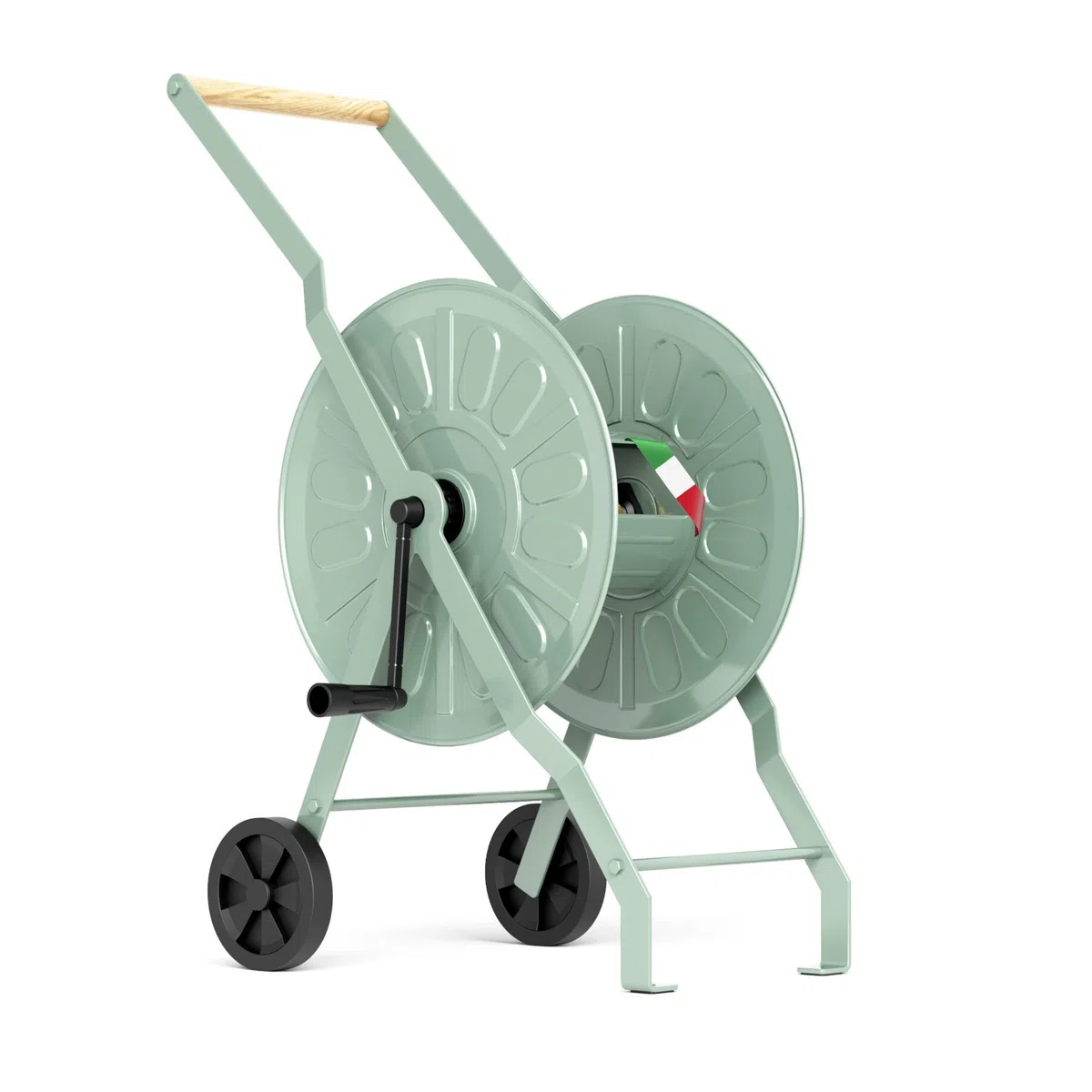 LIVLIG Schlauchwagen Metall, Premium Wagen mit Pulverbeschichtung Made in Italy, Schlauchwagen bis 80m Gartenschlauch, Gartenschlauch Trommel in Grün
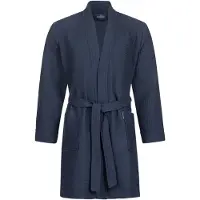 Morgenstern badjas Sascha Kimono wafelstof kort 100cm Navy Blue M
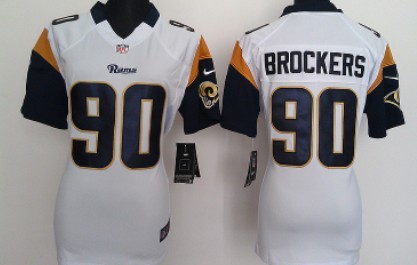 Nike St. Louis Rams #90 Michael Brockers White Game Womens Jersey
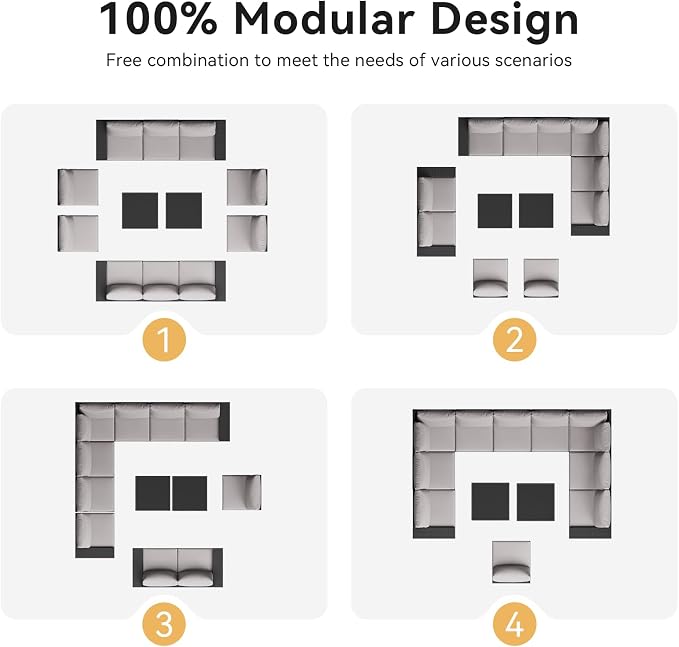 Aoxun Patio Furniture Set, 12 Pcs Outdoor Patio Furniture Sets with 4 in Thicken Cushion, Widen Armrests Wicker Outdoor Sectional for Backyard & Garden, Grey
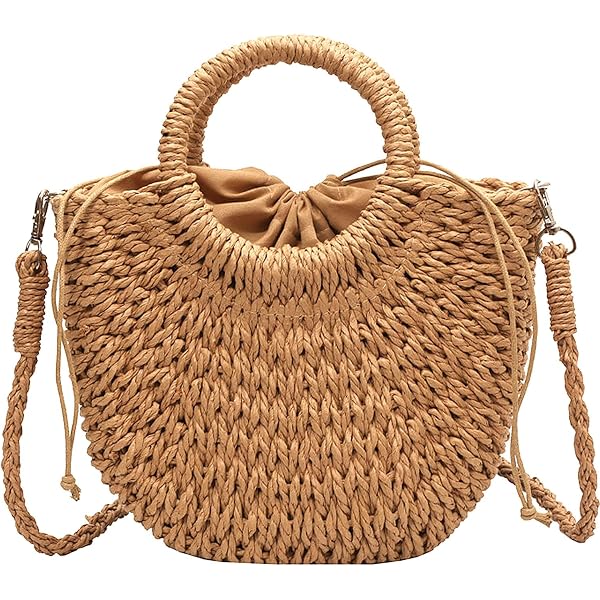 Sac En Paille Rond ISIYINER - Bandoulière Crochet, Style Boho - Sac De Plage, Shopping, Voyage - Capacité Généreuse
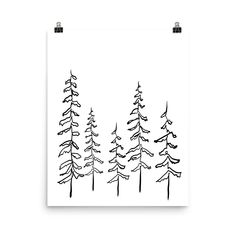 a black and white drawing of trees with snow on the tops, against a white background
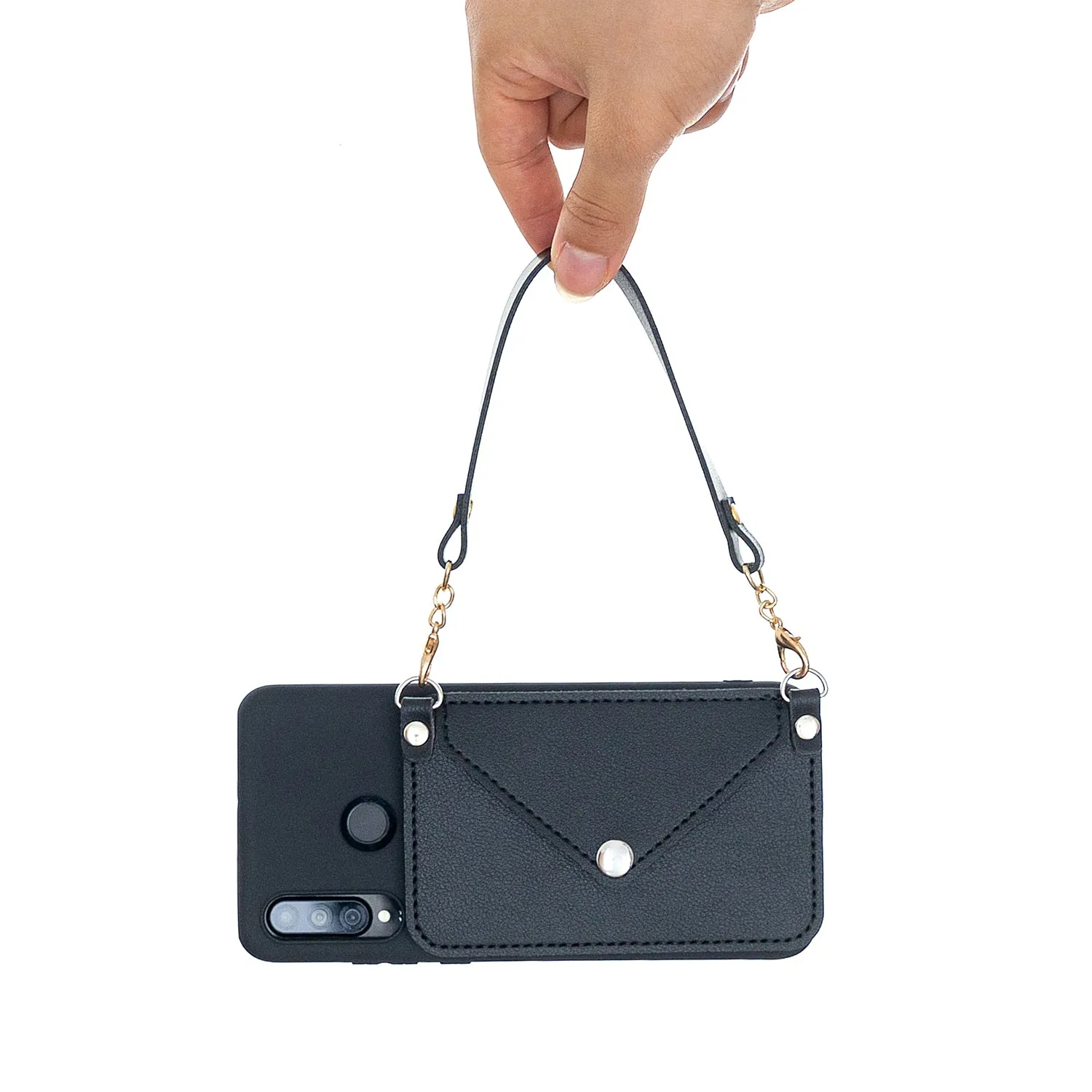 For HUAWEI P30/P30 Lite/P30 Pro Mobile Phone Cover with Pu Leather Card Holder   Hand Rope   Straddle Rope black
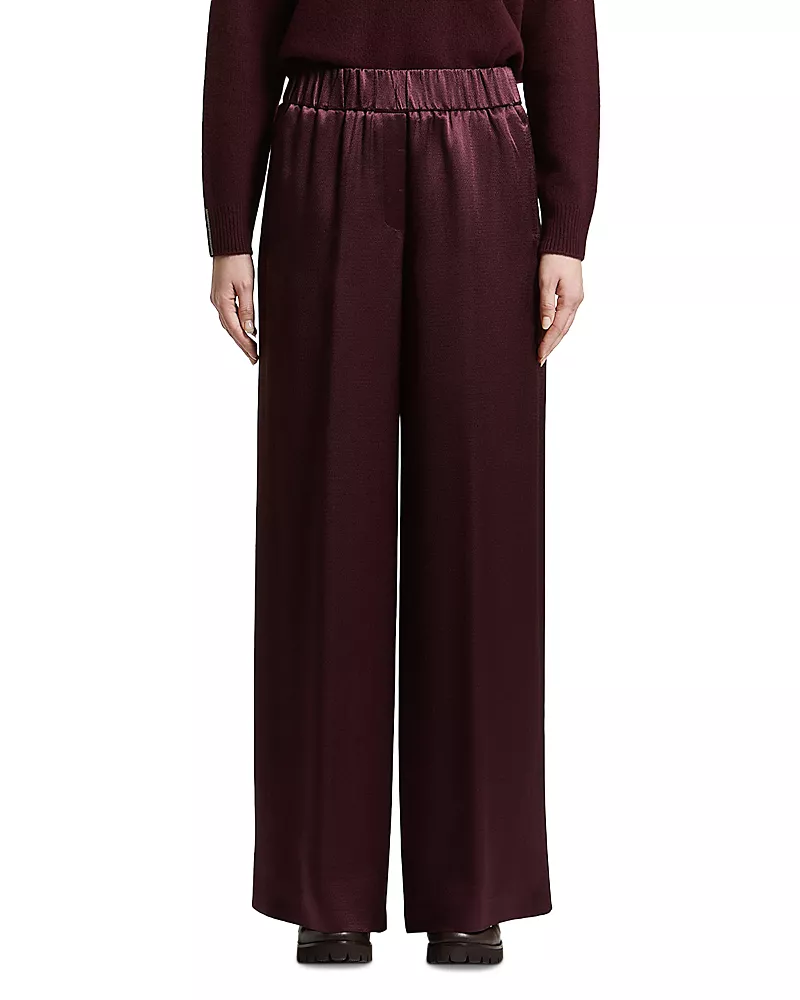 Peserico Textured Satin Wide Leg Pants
● ● ●
■ **EXERCISE REQUIREMENTS**
Only the lines from the one containing "a black and" through the end of the listing should be output, word for word and inclusive; keep pictures out.

■ **RESPONSE FOR THIS EXERCISE**
 a black and white drawing of trees with snow on the tops, against a white background
 For HUAWEI P30/P30 Lite/P30 Pro Mobile Phone Cover with Pu Leather Card Holder   Hand Rope   Straddle Rope black
 Peserico Textured Satin Wide Leg Pants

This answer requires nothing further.